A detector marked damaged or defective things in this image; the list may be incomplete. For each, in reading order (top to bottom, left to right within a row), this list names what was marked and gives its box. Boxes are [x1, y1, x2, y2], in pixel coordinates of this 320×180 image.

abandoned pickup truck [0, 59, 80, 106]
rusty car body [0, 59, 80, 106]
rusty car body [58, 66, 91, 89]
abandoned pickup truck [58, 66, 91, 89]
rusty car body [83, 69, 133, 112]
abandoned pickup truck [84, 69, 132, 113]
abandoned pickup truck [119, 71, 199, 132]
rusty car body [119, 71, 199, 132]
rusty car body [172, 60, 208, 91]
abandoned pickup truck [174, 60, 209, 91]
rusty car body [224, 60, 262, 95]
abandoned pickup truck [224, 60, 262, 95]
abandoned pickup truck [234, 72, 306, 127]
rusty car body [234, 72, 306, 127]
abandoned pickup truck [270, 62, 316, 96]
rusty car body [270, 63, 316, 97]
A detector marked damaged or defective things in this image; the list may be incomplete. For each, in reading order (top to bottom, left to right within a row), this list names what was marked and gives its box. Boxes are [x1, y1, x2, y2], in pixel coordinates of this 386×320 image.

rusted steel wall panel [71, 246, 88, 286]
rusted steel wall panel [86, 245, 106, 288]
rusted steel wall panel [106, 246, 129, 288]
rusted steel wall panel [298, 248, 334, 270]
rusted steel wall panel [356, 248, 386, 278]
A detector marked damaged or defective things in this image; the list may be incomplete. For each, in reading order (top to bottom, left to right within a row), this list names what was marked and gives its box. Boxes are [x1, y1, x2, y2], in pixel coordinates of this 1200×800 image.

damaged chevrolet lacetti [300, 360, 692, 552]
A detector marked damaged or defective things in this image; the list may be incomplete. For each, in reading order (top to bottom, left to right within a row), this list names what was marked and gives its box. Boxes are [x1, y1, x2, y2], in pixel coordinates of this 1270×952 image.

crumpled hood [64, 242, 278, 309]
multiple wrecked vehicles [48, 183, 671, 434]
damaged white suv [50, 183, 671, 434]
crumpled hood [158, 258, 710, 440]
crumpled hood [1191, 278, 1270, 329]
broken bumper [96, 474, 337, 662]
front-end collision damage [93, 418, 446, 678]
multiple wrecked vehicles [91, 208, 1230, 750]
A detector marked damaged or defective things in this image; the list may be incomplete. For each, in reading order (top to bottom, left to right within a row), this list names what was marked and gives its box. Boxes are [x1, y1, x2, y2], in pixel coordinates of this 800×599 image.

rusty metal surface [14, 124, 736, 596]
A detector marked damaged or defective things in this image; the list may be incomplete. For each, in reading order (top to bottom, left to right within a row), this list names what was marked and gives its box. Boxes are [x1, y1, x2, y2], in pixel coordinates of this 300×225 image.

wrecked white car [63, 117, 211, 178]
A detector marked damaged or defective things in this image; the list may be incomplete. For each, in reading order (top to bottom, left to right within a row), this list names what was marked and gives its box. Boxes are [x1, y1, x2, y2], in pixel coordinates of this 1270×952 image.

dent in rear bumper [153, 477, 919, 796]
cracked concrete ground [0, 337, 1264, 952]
· · ·
• [How to complete this task]: Retype each entry exactly.

• [Result of this task]:
A detector marked damaged or defective things in this image; the list may be incomplete. For each, in reading order (top to bottom, left to right within a row), this list names what was marked and gives its box. Boxes are [x1, y1, x2, y2], in pixel coordinates of this 320×180 image.

abandoned pickup truck [0, 59, 80, 106]
rusty car body [0, 59, 80, 106]
rusty car body [58, 66, 91, 89]
abandoned pickup truck [58, 66, 91, 89]
rusty car body [83, 69, 133, 112]
abandoned pickup truck [84, 69, 132, 113]
abandoned pickup truck [119, 71, 199, 132]
rusty car body [119, 71, 199, 132]
rusty car body [172, 60, 208, 91]
abandoned pickup truck [174, 60, 209, 91]
rusty car body [224, 60, 262, 95]
abandoned pickup truck [224, 60, 262, 95]
abandoned pickup truck [234, 72, 306, 127]
rusty car body [234, 72, 306, 127]
abandoned pickup truck [270, 62, 316, 96]
rusty car body [270, 63, 316, 97]
A detector marked damaged or defective things in this image; the list may be incomplete. For each, in reading order (top to bottom, left to right within a row), this list names what was marked and gives its box. Boxes are [x1, y1, x2, y2], in pixel coordinates of this 386×320 image.

rusted steel wall panel [71, 246, 88, 286]
rusted steel wall panel [86, 245, 106, 288]
rusted steel wall panel [106, 246, 129, 288]
rusted steel wall panel [298, 248, 334, 270]
rusted steel wall panel [356, 248, 386, 278]
A detector marked damaged or defective things in this image; the list may be incomplete. For each, in reading order (top to bottom, left to right within a row), this list names what was marked and gives its box. Boxes are [x1, y1, x2, y2], in pixel coordinates of this 1200×800 image.

damaged chevrolet lacetti [300, 360, 692, 552]
A detector marked damaged or defective things in this image; the list may be incomplete. For each, in reading order (top to bottom, left to right within a row), this list names what was marked and gives its box. Boxes are [x1, y1, x2, y2], in pixel coordinates of this 1270×952 image.

crumpled hood [64, 242, 278, 309]
multiple wrecked vehicles [48, 183, 671, 434]
damaged white suv [50, 183, 671, 434]
crumpled hood [158, 258, 710, 440]
crumpled hood [1191, 278, 1270, 329]
broken bumper [96, 474, 337, 662]
front-end collision damage [93, 418, 446, 678]
multiple wrecked vehicles [91, 208, 1230, 750]
A detector marked damaged or defective things in this image; the list may be incomplete. For each, in reading order (top to bottom, left to right within a row), this list names what was marked and gives its box. Boxes are [x1, y1, x2, y2], in pixel coordinates of this 800×599 image.

rusty metal surface [14, 124, 736, 596]
A detector marked damaged or defective things in this image; the list may be incomplete. For each, in reading order (top to bottom, left to right within a row), this list names what was marked and gives its box. Boxes are [x1, y1, x2, y2], in pixel coordinates of this 300×225 image.

wrecked white car [63, 117, 211, 178]
A detector marked damaged or defective things in this image; the list may be incomplete. For each, in reading order (top to bottom, left to right within a row), this list names what was marked and gives its box. Boxes are [x1, y1, x2, y2], in pixel coordinates of this 1270×952 image.

dent in rear bumper [153, 477, 919, 796]
cracked concrete ground [0, 337, 1264, 952]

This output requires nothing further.